Säure erhöht Ausbeute in Peptidsynthese
Ein kleiner aber feiner Trick aus dem Universitätsklinikum in Heidelberg könnte die Festphasen-Peptidsynthese jetzt auch für Peptide mit Asparaginsäure im Molekül interessant machen, die sich bisher wegen der unerwünschten Aspartimid-Entstehung als ungeeignet erwiesen haben.
Die Zukunft der Medizin soll eine patientenspezifische sein. Auf den einzelnen Patienten zugeschnittene Medikamente bedeutet dies - und speziell die Herstellung kurzkettiger Peptide, die günstigstenfalls nur noch aus dem Chemophor eines Enzyms bestehen, oder aus dem Epitop, der Antigen-Erkennungsstelle, eines Antikörpers. Diese Hinwendung zum Minimalismus ist im vorliegenden Fall nicht jenem blinden Forscherehrgeiz geschuldet, der sich an anderer Stelle rühmt, einen Apfel in ein leckeres Vitaminpräparat herunterdestillieren zu können. Nein. Hier ist er notwendig, denn nur selten wirken Proteine ohne diese Verschlankung in ausreichendem Maße, weil die pharmakokinetischen Kennzahlen solcher großer Eiweißstrukturen aufgrund des hohen Molekulargewichtes oft schlecht sind. Erst Peptide mit einem Molekulargewicht unterhalb von 500 Da kommen ungehindert, in ausreichender Menge und schnell dort an, wo sie ihre Wirkung entfalten können.
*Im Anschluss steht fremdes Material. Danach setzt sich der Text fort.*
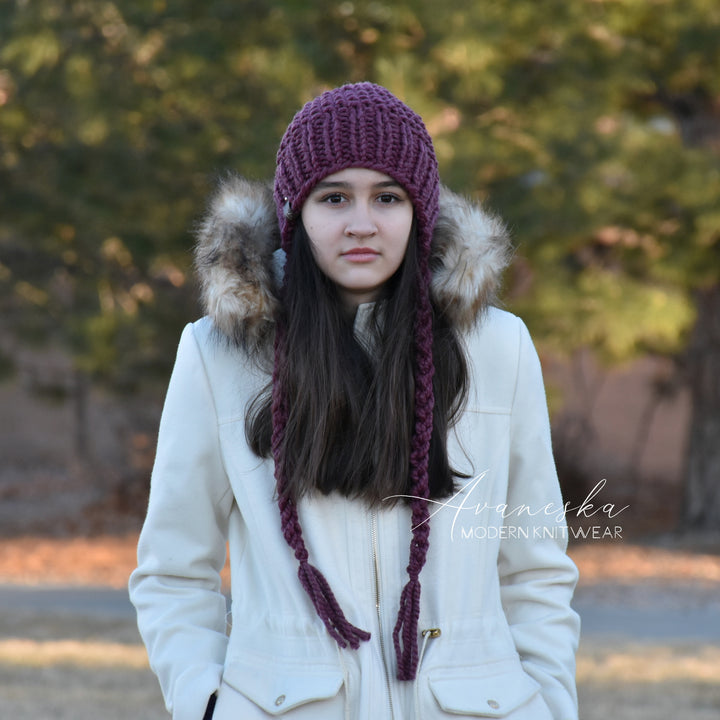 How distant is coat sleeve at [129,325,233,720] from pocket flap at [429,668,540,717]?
44 centimetres

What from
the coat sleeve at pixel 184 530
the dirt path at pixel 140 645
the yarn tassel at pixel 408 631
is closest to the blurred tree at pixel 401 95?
the dirt path at pixel 140 645

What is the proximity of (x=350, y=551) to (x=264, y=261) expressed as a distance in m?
0.60

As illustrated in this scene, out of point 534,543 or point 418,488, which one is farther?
point 534,543

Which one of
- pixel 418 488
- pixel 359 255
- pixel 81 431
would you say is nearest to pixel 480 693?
pixel 418 488

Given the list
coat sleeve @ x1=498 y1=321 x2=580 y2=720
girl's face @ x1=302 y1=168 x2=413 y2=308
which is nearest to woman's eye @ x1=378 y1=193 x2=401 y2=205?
girl's face @ x1=302 y1=168 x2=413 y2=308

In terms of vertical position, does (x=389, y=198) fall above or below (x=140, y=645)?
above

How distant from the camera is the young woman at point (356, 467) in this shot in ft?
6.91

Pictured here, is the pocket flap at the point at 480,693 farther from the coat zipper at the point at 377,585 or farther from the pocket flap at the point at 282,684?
the pocket flap at the point at 282,684

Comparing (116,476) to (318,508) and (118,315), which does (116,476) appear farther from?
(318,508)

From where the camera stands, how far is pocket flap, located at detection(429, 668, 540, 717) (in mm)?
2053

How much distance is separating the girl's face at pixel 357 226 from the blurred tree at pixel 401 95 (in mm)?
4264

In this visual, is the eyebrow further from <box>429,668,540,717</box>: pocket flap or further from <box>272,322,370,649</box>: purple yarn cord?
<box>429,668,540,717</box>: pocket flap

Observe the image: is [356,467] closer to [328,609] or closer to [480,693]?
[328,609]

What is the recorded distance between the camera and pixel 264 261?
232 cm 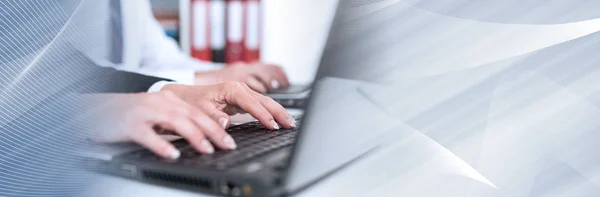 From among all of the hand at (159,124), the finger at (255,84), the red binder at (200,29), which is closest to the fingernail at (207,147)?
the hand at (159,124)

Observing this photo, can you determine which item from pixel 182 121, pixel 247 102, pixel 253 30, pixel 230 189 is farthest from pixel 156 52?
pixel 230 189

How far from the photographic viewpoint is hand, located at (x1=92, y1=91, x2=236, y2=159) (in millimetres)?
472

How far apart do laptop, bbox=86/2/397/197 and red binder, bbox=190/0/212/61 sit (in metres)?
1.44

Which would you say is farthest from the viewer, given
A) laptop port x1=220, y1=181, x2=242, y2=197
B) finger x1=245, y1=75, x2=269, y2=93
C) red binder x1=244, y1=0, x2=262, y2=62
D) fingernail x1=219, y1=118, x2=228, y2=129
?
red binder x1=244, y1=0, x2=262, y2=62

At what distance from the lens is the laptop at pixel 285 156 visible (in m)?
0.38

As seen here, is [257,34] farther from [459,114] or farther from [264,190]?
[264,190]

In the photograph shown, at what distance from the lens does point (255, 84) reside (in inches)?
38.8

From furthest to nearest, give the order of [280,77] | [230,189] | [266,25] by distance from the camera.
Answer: [266,25]
[280,77]
[230,189]

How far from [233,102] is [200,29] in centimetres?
132

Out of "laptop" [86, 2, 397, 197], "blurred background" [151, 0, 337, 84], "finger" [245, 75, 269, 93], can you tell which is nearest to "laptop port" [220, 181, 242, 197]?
"laptop" [86, 2, 397, 197]

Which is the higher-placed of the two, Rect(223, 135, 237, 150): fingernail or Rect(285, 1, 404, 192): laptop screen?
Rect(285, 1, 404, 192): laptop screen

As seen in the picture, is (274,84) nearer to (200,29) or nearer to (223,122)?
(223,122)

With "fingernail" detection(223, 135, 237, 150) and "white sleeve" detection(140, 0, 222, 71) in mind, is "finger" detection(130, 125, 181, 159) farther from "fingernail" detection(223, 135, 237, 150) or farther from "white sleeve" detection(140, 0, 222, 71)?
"white sleeve" detection(140, 0, 222, 71)

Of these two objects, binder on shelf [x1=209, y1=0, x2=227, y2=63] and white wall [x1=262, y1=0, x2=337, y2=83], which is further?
white wall [x1=262, y1=0, x2=337, y2=83] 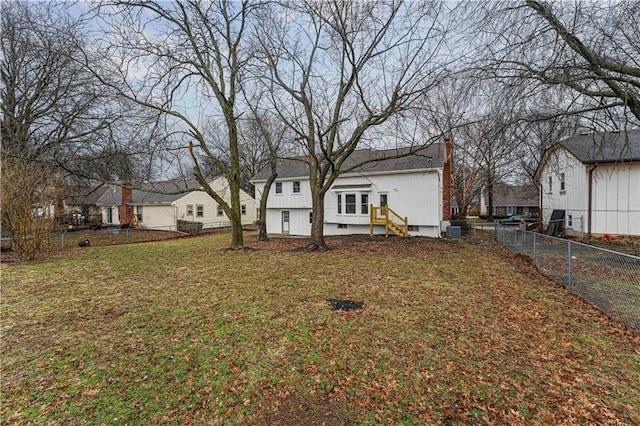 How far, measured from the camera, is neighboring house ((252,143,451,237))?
55.6 ft

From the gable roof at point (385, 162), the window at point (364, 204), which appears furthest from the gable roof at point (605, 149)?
the window at point (364, 204)

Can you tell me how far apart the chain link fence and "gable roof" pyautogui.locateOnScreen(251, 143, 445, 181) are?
607 centimetres

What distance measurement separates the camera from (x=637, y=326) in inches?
195

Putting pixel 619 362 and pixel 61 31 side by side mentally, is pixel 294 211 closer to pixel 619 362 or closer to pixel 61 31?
pixel 61 31

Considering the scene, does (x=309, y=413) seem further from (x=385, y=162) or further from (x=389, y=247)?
(x=385, y=162)

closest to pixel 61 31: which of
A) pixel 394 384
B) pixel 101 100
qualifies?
pixel 101 100

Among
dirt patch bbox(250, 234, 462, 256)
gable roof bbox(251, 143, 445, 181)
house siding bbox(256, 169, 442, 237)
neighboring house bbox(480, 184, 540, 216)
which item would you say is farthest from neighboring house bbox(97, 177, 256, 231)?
neighboring house bbox(480, 184, 540, 216)

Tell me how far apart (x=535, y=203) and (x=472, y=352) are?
5453 centimetres

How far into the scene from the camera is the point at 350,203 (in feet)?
62.5

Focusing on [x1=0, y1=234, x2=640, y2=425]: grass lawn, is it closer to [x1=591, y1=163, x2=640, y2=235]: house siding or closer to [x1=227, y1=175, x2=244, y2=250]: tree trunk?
[x1=227, y1=175, x2=244, y2=250]: tree trunk

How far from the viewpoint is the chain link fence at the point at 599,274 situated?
561cm

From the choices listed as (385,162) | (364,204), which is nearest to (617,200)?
(385,162)

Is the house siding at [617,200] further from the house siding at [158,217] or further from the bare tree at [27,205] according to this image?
the house siding at [158,217]

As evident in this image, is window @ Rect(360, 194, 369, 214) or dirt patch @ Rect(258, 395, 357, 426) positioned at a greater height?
window @ Rect(360, 194, 369, 214)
Außerdem haftet den großen, den originalen Eiweißkörpern der Nimbus der »Genmanipulation« an, weil oft nur die Gentechnik sie in den benötigten Mengen aus »genmanipulierten« Organismen gewinnen kann. Und werden sie dann doch einmal aus »unmanipulierten« Tieren extrahiert, sind allergische Reaktionen auf Nebenprodukte nicht auszuschließen.
Proteinsynthese als Königsweg
Bleibt nur noch die Synthese dieser Eiweißstoffe direkt aus den Aminosäuren. Aber sinnvoll sind solche Synthesen nur für Peptide mit deutlich weniger als 200 Bausteinen, weil mit jeder Kettenverlängerung sich zusätzliche Fehler einschleichen können. Was schließlich zu nicht akzeptablen Ausbeuten führen und das Verfahren unwirtschaftlich machen würde.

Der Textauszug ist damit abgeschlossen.